The writing portfolio (1840s) on which Robert Browning wrote his letters to Elizabeth Barrett
DEATH OR LOVE
ELIZABETH BARRETT was admired not only by the literati, including Robert Browning, whom she would marry; she was also idolized by fans. English fans sent her rosebushes; an American admirer wrote a letter to her addressed “Elizabeth Barrett, Poetess, London,” and the letter was delivered. Right before she left England she was well enough to visit her old friend the blind Greek scholar Hugh Stewart Boyd. He informed her that several well-born young ladies had asked to be present, dressed as servants, just for the chance to see her as they ushered her in. Some of them swore that, if she would allow, they’d go into service for her.

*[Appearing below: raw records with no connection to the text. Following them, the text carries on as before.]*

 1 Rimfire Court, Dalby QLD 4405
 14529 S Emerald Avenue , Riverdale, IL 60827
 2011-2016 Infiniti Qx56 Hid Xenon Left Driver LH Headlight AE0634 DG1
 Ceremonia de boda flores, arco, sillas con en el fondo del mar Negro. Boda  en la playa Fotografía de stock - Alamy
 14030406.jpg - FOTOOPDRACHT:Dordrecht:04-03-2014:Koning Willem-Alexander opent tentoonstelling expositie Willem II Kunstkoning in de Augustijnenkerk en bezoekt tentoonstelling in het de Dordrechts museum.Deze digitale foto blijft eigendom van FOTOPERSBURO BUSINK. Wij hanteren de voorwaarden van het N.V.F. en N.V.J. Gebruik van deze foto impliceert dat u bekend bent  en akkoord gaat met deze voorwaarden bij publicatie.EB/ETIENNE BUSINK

Yet today, to the world at large, only one line of poetry points its hoary finger back in time to her: “How do I love thee? Let me count the ways”—the opening line of the penultimate sonnet from Sonnets from the Portuguese. This slim volume of forty-four love sonnets has had a life of its own. Printed and reprinted—in small format, large format, special editions brought out near the cash registers of bookshops before Valentine’s Day. These sonnets have been rendered impotent through popularity, demonstrating that when we take something for granted, we can easily cease knowing it at all. The Sonnets from the Portuguese are not an upscale Hallmark card. They are the deepest and at times the darkest thoughts of a woman of genius, in grave health, who finds in middle life not the death she waits for but the love she never expected.
The earliest manuscript of the sequence is at the Pierpont Morgan Library in New York. Each poem is on a single sheet of stationery, written in brown ink in the poet’s slender hand. Sonnet I had a title in its manuscript draft, “Death or Love.” Surprised, I pointed it out to an acquaintance reading next to me at the Morgan. “Look at this.”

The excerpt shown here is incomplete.